Taliban prepares to restore dark days in Afghanistan, re-impose repressive laws
The Taliban, who are rapidly gaining territory in Afghanistan as the US withdraws its forces, are demanding that families marry off girls to their fighters and ordering men to grow beards and go to mosques.
During the Taliban's five-year rule (1996-2001) - which was almost universally shunned by other governments but supported militarily and politically by Pakistan - women were prohibited from working, attending school or leaving home without a male relative. Men were forced to grow beards and wear a cap or turban. Music and other forms of entertainment were banned.
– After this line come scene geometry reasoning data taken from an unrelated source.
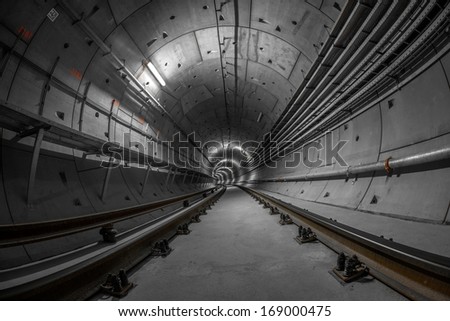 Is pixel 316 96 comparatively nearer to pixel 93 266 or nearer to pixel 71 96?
pixel 93 266

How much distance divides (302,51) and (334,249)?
6.91 metres

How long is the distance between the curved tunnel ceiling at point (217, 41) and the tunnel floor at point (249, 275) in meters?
5.95

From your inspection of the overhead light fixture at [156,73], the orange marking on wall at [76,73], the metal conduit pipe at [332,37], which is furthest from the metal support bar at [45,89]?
the metal conduit pipe at [332,37]

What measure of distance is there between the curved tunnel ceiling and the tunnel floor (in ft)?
19.5

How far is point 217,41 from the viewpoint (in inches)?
326

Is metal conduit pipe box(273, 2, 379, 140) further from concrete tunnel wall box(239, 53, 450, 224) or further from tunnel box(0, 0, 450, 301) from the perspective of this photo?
concrete tunnel wall box(239, 53, 450, 224)

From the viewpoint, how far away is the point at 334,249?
237 cm

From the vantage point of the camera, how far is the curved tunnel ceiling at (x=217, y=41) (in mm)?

Anyone not abiding by this code risked being publicly lashed, beaten or humiliated. Women who disobeyed these rules were sometimes killed, wrote Sher Jan Ahmadzai, in Asia Times.
Taliban is re-imposing repressive laws and retrograde policies in areas captured by them, they are imposing laws that defined its 1996-2001 rule when they enforced their version of Islamic Sharia law.
During peace negotiations and on visits abroad, the Taliban's leadership has expressed both a belief that women have rights under Islamic laws and a desire to reduce violence in Afghanistan.
The group has also pledged to protect such public infrastructure as government buildings, roads and schools, which it has often attacked.
But in newly captured areas their policies are more hard-line, says Ahmadzai.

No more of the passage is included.